Opinion: Canada’s Biggest Source of Inflation: The Government Has Borrowed Over $700 Billion

Prime Minister Justin Trudeau and Deputy Prime Minister and Minister of Finance Chrystia Freeland in the House of Commons on Parliament Hill in Ottawa on November 3.Justin Tang/The Canadian Press

John H. Cochrane is a senior fellow at Stanford University’s Hoover Institution and author of The tax theory of the price levelavailable January 2023. Jon Hartley is a PhD student in economics at Stanford University and a research fellow at the Foundation for Research on Equal Opportunity.

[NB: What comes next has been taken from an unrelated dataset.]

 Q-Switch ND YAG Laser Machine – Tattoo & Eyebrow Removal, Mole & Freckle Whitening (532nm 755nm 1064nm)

The most important source of inflation in Canada is simple: starting in 2020, the the government borrowed more than 700 billion dollars, and especially distributed. People spent it, driving up prices.

It was of course normal for the government to help people and businesses severely affected by the COVID-19 pandemic. And debts and deficits do not automatically cause inflation – Canada can borrow an immense amount without impacting the price level if the government has a credible repayment plan.

But the government had gone too far in borrowing and spending without such a plan. People are trying to get rid of government debt, driving up the price until its real value returns to what people think the government will repay.

Fiscal and monetary policies are linked. The key to unraveling the current mess is recognizing that the government cannot borrow more without causing more inflation.

The Bank of Canada bears part of the responsibility for the problem. He waited a full year for inflation to burst, eventually raising interest rates from 0.25% to 0.5% last March. Whether the bank’s slow action made inflation worse is a matter of debate, but it certainly didn’t help.

Other popular arguments don’t work. Supply chain shocks increase one price relative to another, not all prices and wages together. Energy prices have gone up and down several times without triggering inflation. Greed has always been with us.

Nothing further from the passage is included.